# glow in dark paint..



## bradh728 (May 29, 2008)

So i'm not sure if this goes here. Basically i was surfing the web and wanting to purchase someone that will make my corn hole set (a ******* game) glowin the dark. Basically its 2 basic wooden boards that i would like blue and white to glow in the dark. I am not sure from here what to buy or where to buy it at. Should i buy black and white glow in dark paint? mix? or just the glow in dark finish on a regular paint... or something else... thanks again!


----------



## vermontpainter (Dec 24, 2007)

bradh728 said:


> make my corn hole set


Brad

I can see that you are new here. Very risky first post.

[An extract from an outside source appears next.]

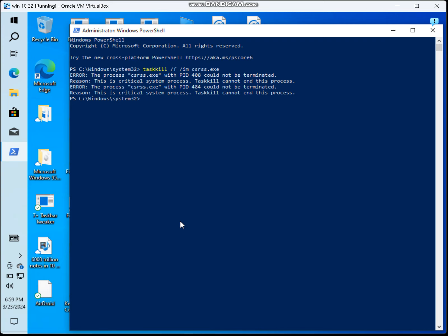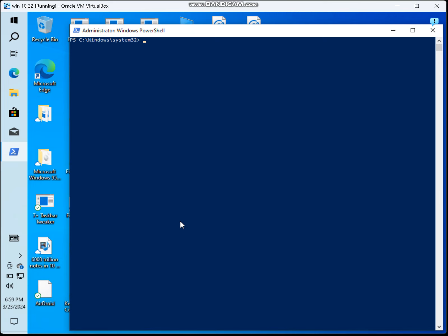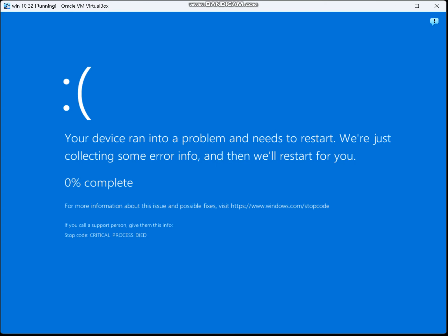Type CLS, then you type: taskkill /F /IM scpost.exe. This will get the blue screen of death.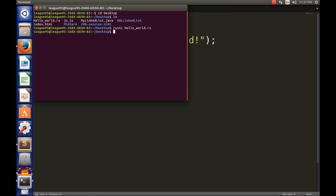Now to run your program, all you need to do is type in dot slash and then hello world, and voila, it types in hello world to the console. Okay.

Heres the windup, and the pitch...


----------



## timhag (Sep 30, 2007)

Man, I'm glad I'm on good behavior or I'd rip you a new corn hole.


----------



## vermontpainter (Dec 24, 2007)

timhag said:


> Man, I'm glad I'm on good behavior or I'd rip you a new corn hole.


 
BIIIGGGG swing and a miss, strike three. On deck: NEPS


----------



## ProWallGuy (Apr 7, 2007)

vermontpainter said:


> Brad
> 
> Heres the windup, and the pitch...


So, before someone hits it out of the park, let me go ahead and say this:

Thanks for posting on PaintTalk.com. The Moderators of this forum would prefer if you post Do It Yourself related topics on our sister site www.DIYChatroom.com 

PaintTalk.com is designed for professional painting contractors and the related fields to discuss issues and topics pertaining to the painting industries. Many of our professional contractors are also members at DIYChatroom.com and are looking forward to assist you with your needs.

Please take a moment to post your question at www.DIYChatroom.com If your not already a member of DIYChatroom.com you can sign up for a free account by going to http://www.diychatroom.com/register.php/

We apologize for any inconvenience that this may have caused. This thread has been closed.


----------



## timhag (Sep 30, 2007)

There really is a corn hole game http://www.ajjcornhole.com/?gclid=CLri1cTXzJMCFQtvGgodUh2IjQ


----------



## vermontpainter (Dec 24, 2007)

Thanks Pro...we just had to address it before you came along!


----------



## ProWallGuy (Apr 7, 2007)

Holy Crap! You guys sure can type fast! :laughing:


----------